In re Shearer

377 So. 2d 970 | Fla. | 1979

PER CURIAM.

The Judicial Qualifications Commission has recommended that we impose a public reprimand upon Judge John H. Shearer.

The recommendation stems from a charge that the judge was guilty of conduct unbecoming a member of the judiciary when he was interrogated by a police officer during an investigation of an accident causing property damage. The truck involved in the accident was driven from the scene before the police arrived, but was later located and identified as belonging to the judge.

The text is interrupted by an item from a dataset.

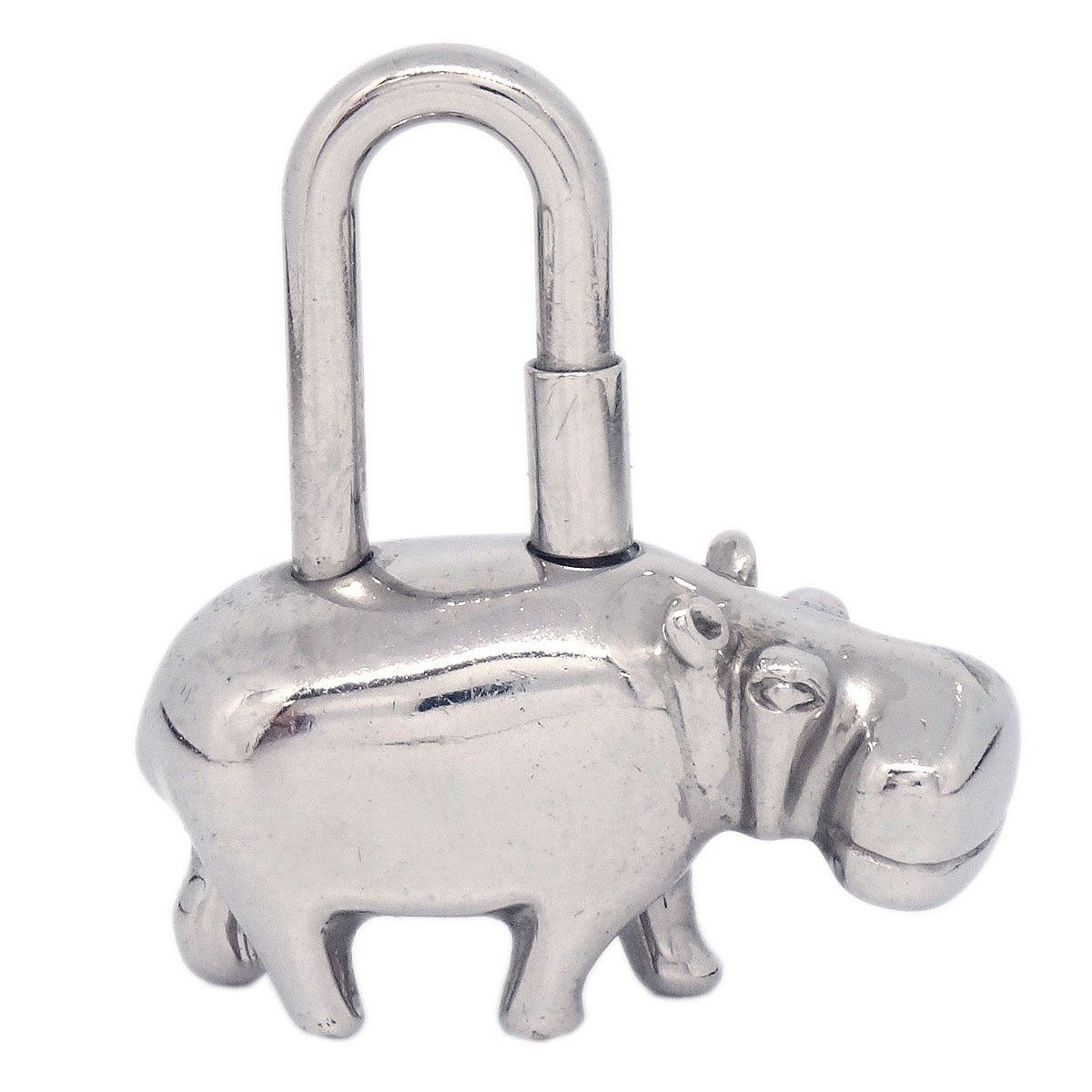 Hermes Hermes Cadena Metal Size ONE SIZE - 2 Thumbnail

When questioned, the judge admitted ownership of the vehicle and supplied all information requested except the identity of the vehicle’s driver. Rather than identify the driver, Judge Shearer asserted his fifth amendment rights.

During the interrogation the judge made several comments, the intent of which is in dispute. The gist of his comments was that he is a judge between 8:00 a. m. and 5:00 p. m., and a private citizen during the remaining hours. Also, he told the police officer that if the police had sufficient evidence against him, he should be arrested. The officer stated that Shearer added, “If not, leave me alone.” Shearer disputes this.

The focus of the findings and conclusions of the Judicial Qualifications Commission is that Shearer’s comments reflected a failure to appreciate that his judicial responsibilities are not limited to office hours. Shearer replies that he merely intended to urge the policeman to treat him as any other citizen and not to give him special treatment because he is a judge.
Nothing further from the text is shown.